Ya, Daun Dewa (Gynura divaricata) sering disebut juga sebagai Sambung Nyawa di Indonesia dan Malaysia, terutama merujuk pada spesies Gynura procumbens yang sekarang dianggap sinonim. Kedua nama merujuk pada tanaman yang sama dari genus Gynura, meskipun beberapa sumber memisahkan varietas berdasarkan bentuk daun. Di Tiongkok dikenal sebagai Samsit. Perbedaan morfologi yang ada lebih merupakan variasi habitat dan kondisi tumbuh daripada spesies yang berbeda secara genetik.
Apakah Daun Dewa aman dikonsumsi setiap hari?
Konsumsi Daun Dewa dalam jumlah wajar (maksimal 5–10 lembar daun segar atau 2–3 gram daun kering per hari) umumnya aman untuk orang dewasa sehat. Namun konsumsi berlebihan dan jangka panjang tidak dianjurkan karena kandungan alkaloid pirolizidin yang berpotensi hepatotoksik jika terakumulasi dalam dosis besar. Dianjurkan untuk tidak mengonsumsi lebih dari 30 gram daun segar per hari secara terus-menerus. Wanita hamil, ibu menyusui, anak-anak di bawah 5 tahun, dan penderita gangguan hati atau ginjal kronis sebaiknya berkonsultasi dengan dokter atau herbalis sebelum mengonsumsi.
Bagaimana cara mengatasi rasa pahit Daun Dewa saat dikonsumsi?
Rasa pahit Daun Dewa berasal dari senyawa flavonoid dan alkaloid. Cara mengurangi rasa pahit: (1) rendam daun segar dalam air garam (1 sendok teh garam per 500 ml air) selama 15–20 menit sebelum diolah, (2) rebus atau blansir daun selama 30–60 detik lalu buang air rebusan pertama, (3) campurkan dengan bahan manis alami seperti madu, kurma, atau gula aren saat membuat teh atau jamu, (4) kombinasikan dengan buah-buahan seperti apel atau lemon dalam smoothie untuk menetralkan rasa pahit.
Berapa lama Daun Dewa bisa dipanen?
Panen pertama Daun Dewa dimulai 60–90 hari setelah tanam. Setelah itu, pemetikan daun dapat dilakukan setiap 2–3 minggu sekali sepanjang tahun dengan menyisakan minimal 3–4 pasang daun pucuk untuk pertumbuhan lanjutan.

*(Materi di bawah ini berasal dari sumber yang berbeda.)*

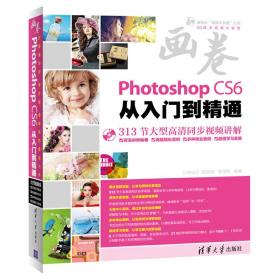 Photoshop CS6从入门到精通（313节大型同步自学视频，海量精彩实例、多种商业案例、超值学习套餐，汇集功能、技巧、应用、经验，超细、超全、超好学、超漂亮）（含1DVD）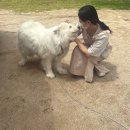 영주축협동물병원 | [멍즈니랜드] 경북 영주 대형견 출장 목욕&amp;미용 집앞에서 편하게 케어받는 대형견 출장미용&amp;목욕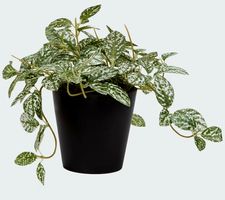 Künstliche Fittonia  mit Topf 10 cm hoch - SUPER DEKORATION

Tanaman Daun Dewa produktif selama 2–3 tahun, dengan puncak produktivitas pada bulan ke-4 hingga ke-12. Pada tahun kedua dan ketiga, hasil panen akan menurun secara bertahap dan tanaman perlu diremajakan.
Apakah Daun Dewa bisa ditanam dalam ruangan?
Daun Dewa bisa ditanam dalam ruangan (indoor) asalkan mendapatkan cahaya yang cukup, idealnya 4–6 jam sinar matahari tidak langsung per hari. Letakkan pot di dekat jendela yang menghadap timur atau barat. Jika ruangan minim cahaya alami, gunakan lampu tanam (grow light LED) selama 8–12 jam per hari. Pastikan sirkulasi udara baik dan jangan terlalu sering menyiram karena air menguap lebih lambat di dalam ruangan.
Apa perbedaan Daun Dewa dengan tanaman herbal lain yang mirip?
Daun Dewa sering tertukar dengan tanaman herbal lain. Ciri pembeda utama: (1) Permukaan bawah daun berwarna ungu kehitaman — tidak dimiliki tanaman herbal lain seperti kumis kucing, sambiloto, atau pegagan. (2) Batang lunak beruas dengan ruas mudah berakar. (3) Aroma khas herbal yang lebih lembut dibanding sambiloto (yang sangat pahit) atau kumis kucing (aroma lebih tajam). (4) Daun terasa pahit tetapi tidak sepahit sambiloto atau pare. (5) Bunga majemuk kuning-oranye membentuk bongkol khas Asteraceae.
Apa penelitian ilmiah terkini tentang Daun Dewa?
Penelitian ilmiah tentang Gynura divaricata/procumbens terus berkembang. Studi farmakologi terkini (2018–2025) menunjukkan: (1) Aktivitas sitotoksik ekstrak etanol terhadap sel kanker payudara MCF-7, serviks HeLa, dan hati HepG2. (2) Efek antihiperglikemik melalui penghambatan enzim alfa-glukosidase dan peningkatan sekresi insulin sel beta pankreas. (3) Efek antihipertensi melalui inhibisi enzim pengonversi angiotensin (ACE). (4) Aktivitas antiinflamasi melalui penghambatan jalur COX-2 dan NF-kB. (5) Perlindungan hepatorenal pada model hewan dengan dosis tertentu. Uji klinis pada manusia masih terbatas pada skala kecil, diperlukan penelitian lanjutan untuk validasi dosis dan keamanan jangka panjang.
Apakah ada kontraindikasi atau efek samping Daun Dewa?
Efek samping yang dilaporkan umumnya ringan meliputi: sedikit pusing, mual ringan, dan peningkatan frekuensi buang air kecil karena efek diuretik. Kontraindikasi meliputi: (1) Wanita hamil dan menyusui (belum cukup data keamanan). (2) Penderita penyakit hati kronis karena kandungan alkaloid pirolizidin. (3) Penderita hipotensi (tekanan darah rendah) karena efek antihipertensi. (4) Konsumsi bersamaan dengan obat antidiabetes dan antihipertensi sintetis perlu pemantauan untuk menghindari hipoglikemia atau hipotensi berlebihan. Jika mengalami gejala alergi (ruam, gatal, sesak napas) segera hentikan konsumsi dan konsultasi ke dokter.
Kesimpulan
Daun Dewa (Gynura divaricata (syn. Gynura procumbens)) adalah tanaman yang memiliki potensi besar untuk dibudidayakan di Indonesia. Dengan memahami teknik budidaya, perawatan, dan penanganan hama yang tepat, Anda dapat memperoleh manfaat maksimal dari tanaman ini. Mulailah menanam Daun Dewa dan nikmati berbagai keuntungannya.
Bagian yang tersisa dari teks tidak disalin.